■ EXERCISE REQUIREMENTS: Make an exact copy of the listing, without images.

■ DATA EXTRACT:
——————————
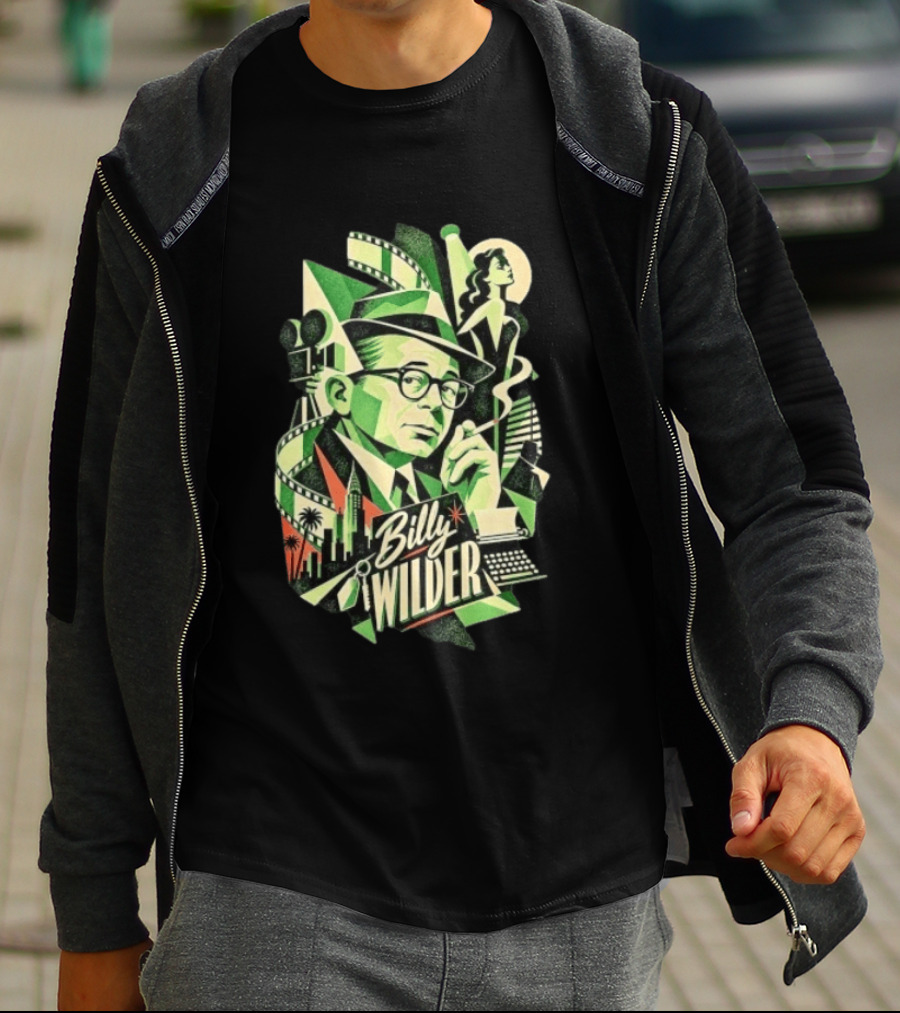 Billy Wilder Classic Hollywood Director Retro Film T-Shirt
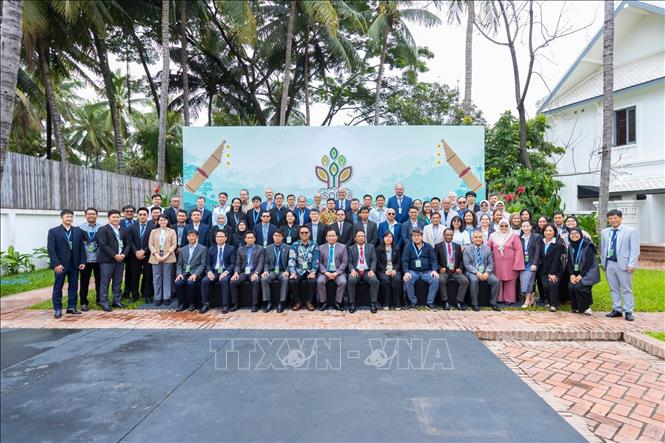 Các đại biểu tham dự Hội thảo quốc tế Quan chức lâm nghiệp ASEAN lần thứ 23. Ảnh: TTXVN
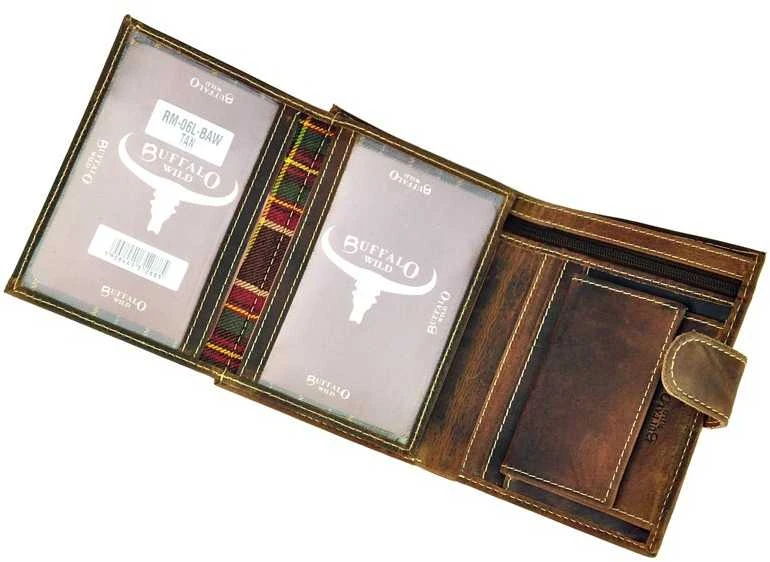 Piniginė vyrams Wild RM-06L-BAW BUFFALO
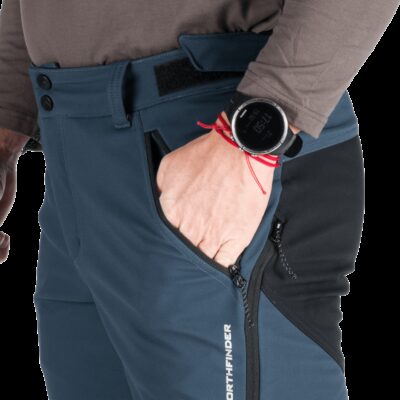 Pánske outdoor softshellové nohavice 3L ANATOL 16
——————————
■ ANSWER FOR THE TASK:
 Billy Wilder Classic Hollywood Director Retro Film T-Shirt
 Các đại biểu tham dự Hội thảo quốc tế Quan chức lâm nghiệp ASEAN lần thứ 23. Ảnh: TTXVN
 Piniginė vyrams Wild RM-06L-BAW BUFFALO
 Pánske outdoor softshellové nohavice 3L ANATOL 16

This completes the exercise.